Source code: github.com/matu79go/metafit


Setting Up the Comparison

The comparison system runs Nano Banana and Vertex AI VTO against the same image pair, then composites the results into a single side-by-side image. For three-engine comparisons, PASTA-GAN++ results from the legacy system were included as an additional panel.

def create_comparison(person_img, clothing_img, nano_result, vto_result,
                      pasta_result=None, description=""):
    panels = [person_img, clothing_img]
    labels = ["Person", "Clothing"]

    if pasta_result:
        panels.append(pasta_result)
        labels.append("PASTA-GAN++")

    if nano_result:
        panels.append(nano_result)
        labels.append("Nano Banana")

    if vto_result:
        panels.append(vto_result)
        labels.append("Vertex VTO")

    # Resize all panels to same height, compose side by side
    target_h = 800
    resized = []
    for panel in panels:
        ratio = target_h / panel.height
        resized.append(panel.resize(
            (int(panel.width * ratio), target_h), Image.LANCZOS
        ))
    # ... compose into single image

Nano Banana vs Vertex VTO: Clothing Mode

The first set of tests compared the two engines in clothing mode — applying a flat product image to a person photo.

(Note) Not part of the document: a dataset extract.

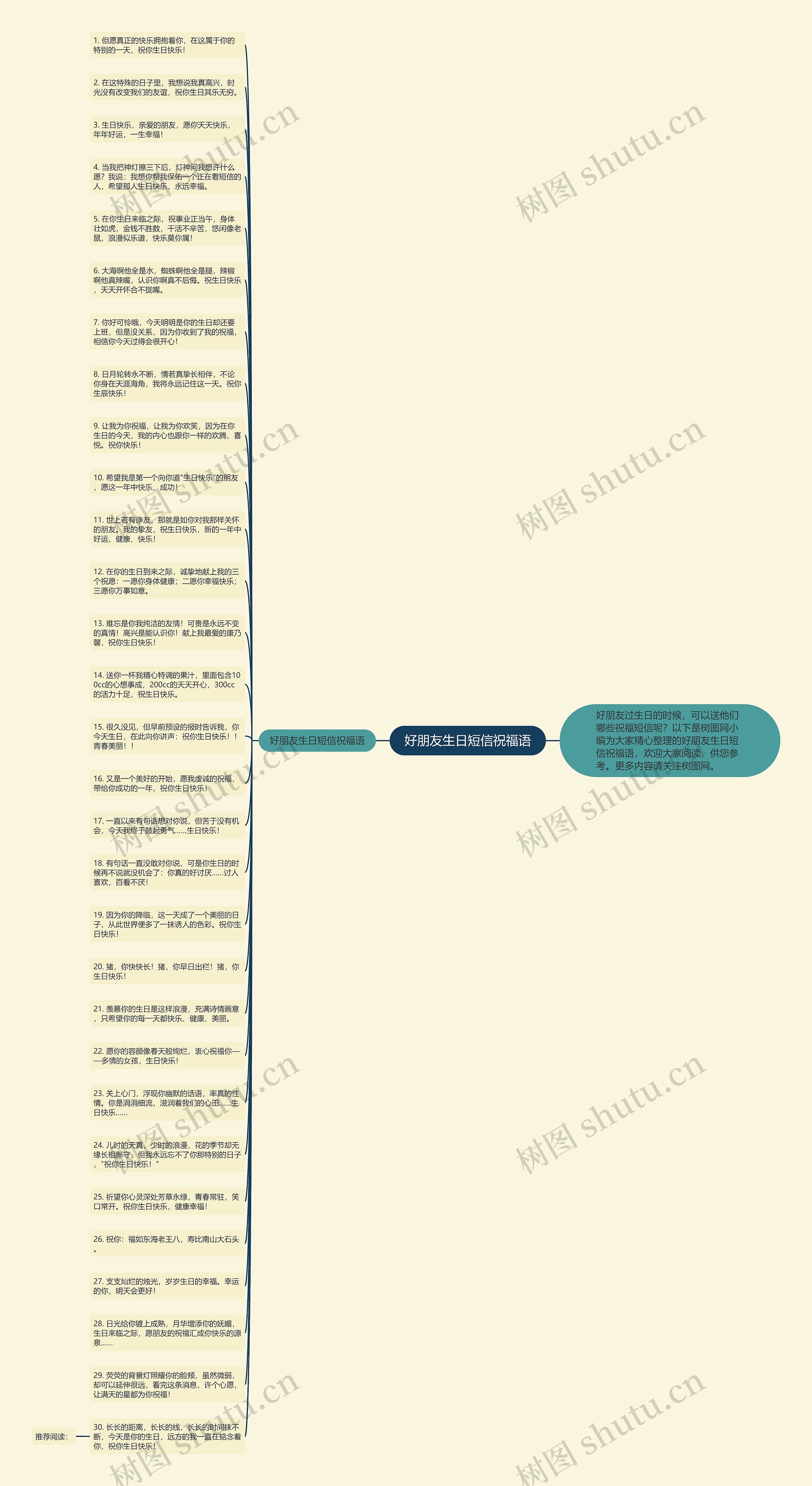 好朋友生日短信祝福语思维导图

This is Vertex VTO’s primary use case.

Test: Woman + Red Dress

Red dress comparison

Left to right: Target person, Clothing product, Nano Banana result, Vertex VTO result

AspectNano BananaVertex AI VTO
Color accuracyShifted from red to pinkExact red preserved
Design fidelityChanged to long pleated dressMaintained original length and shape
Pose preservationGoodGood

Vertex VTO wins clearly. Nano Banana “interpreted” the dress design and altered it significantly. Vertex VTO reproduced the exact product as shown in the image.

Test: Man + Hoodie

Hoodie comparison

Left to right: Target person, Clothing product, Nano Banana result, Vertex VTO result

Both engines produced good results. Vertex VTO maintained the background more accurately.

Test: Man + Suit

Suit comparison

Left to right: Target person, Clothing product, Nano Banana result, Vertex VTO result

Both engines performed comparably. For simple, well-defined garments, the difference between the two was minimal.

Clothing Mode Summary

PatternNano BananaVertex AI VTO
Distinctive designs (dresses)Tends to alter designFaithful reproduction
Simple garments (T-shirts, hoodies)GoodGood
Background preservationSome variationMore consistent

For EC applications where product fidelity is critical, Vertex VTO is the clear choice.

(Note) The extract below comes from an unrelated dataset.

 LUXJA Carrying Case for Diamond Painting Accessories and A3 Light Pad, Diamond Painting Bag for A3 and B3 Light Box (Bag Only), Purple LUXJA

Nano Banana vs Vertex VTO: Transfer Mode

Transfer mode — extracting clothing from one person and applying to another — revealed fundamental differences between the two engines.

Test: Dance Pose Transfer

Transfer mode comparison

Left to right: Target person, Source person (clothing to extract), Nano Banana result, Vertex VTO result

  • Target: Woman in dance pose, wearing tank top
  • Source: Standing woman in T-shirt
AspectNano BananaVertex AI VTO
Clothing extractionCorrectly extracted source’s T-shirt and applied itReverted to target’s original tank top
Shoe transferDid not transfer shoesTransferred shoes accurately

This was a defining discovery. Vertex VTO is designed for product images (flat, white background). When given a person image as the “product,” it cannot reliably extract the clothing — it defaults to the target’s existing garment.

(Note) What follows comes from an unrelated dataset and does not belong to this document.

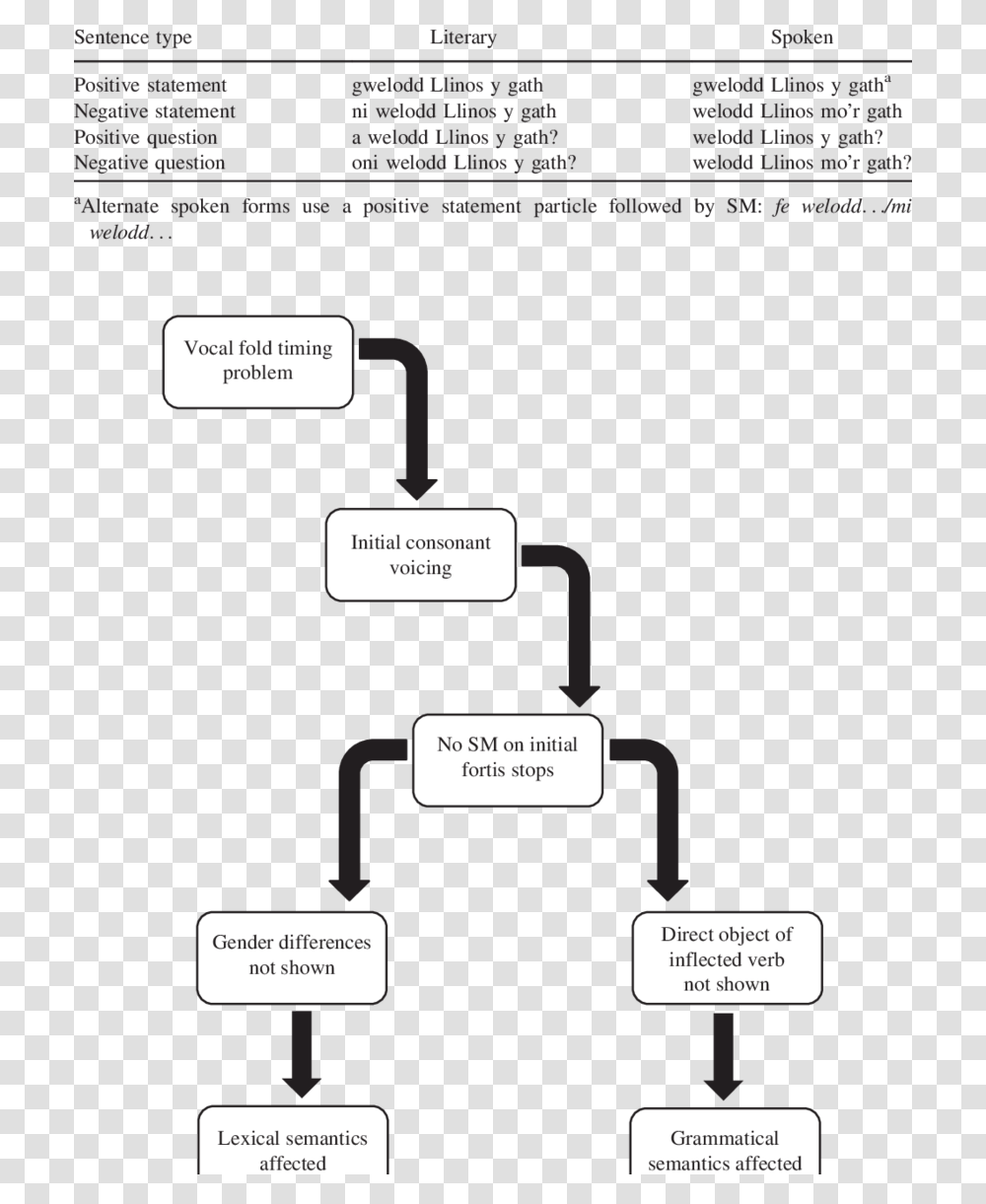 Diagram, Outdoors, Nature, Water Transparent Png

For transfer mode, Nano Banana is the only viable option. Vertex VTO simply does not support this use case.

Safety Filter Differences

Safety filter comparison

Left to right: Target person, Source person, Nano Banana result, Vertex VTO result

  • Target: Curvy woman (159cm)
  • Source: Woman in dance pose, exposed clothing
AspectNano BananaVertex AI VTO
ResultBlocked by IMAGE_SAFETYSucceeded
Body preservationMaintained body shape

Nano Banana’s safety filter is stricter than VTO’s for exposed clothing. This creates a practical gap for fashion applications where sportswear, swimwear, and evening wear are standard product categories.

However, VTO’s safety filter showed inconsistencies — blocking female models in some contexts while allowing male models in similar states of undress.


The Three-Engine Showdown

The most revealing tests added PASTA-GAN++ results alongside the two generative AI engines. These tests specifically targeted scenarios where PASTA-GAN++ had historically struggled: underrepresented body types and complex garment patterns.

Test: Large Male + Border Sweater (5-Panel Comparison)

3-engine comparison: border sweater on diverse body type

Left to right: Source person, PASTA-GAN++ result, Nano Banana result (Vertex VTO failed — clothing was not transferred)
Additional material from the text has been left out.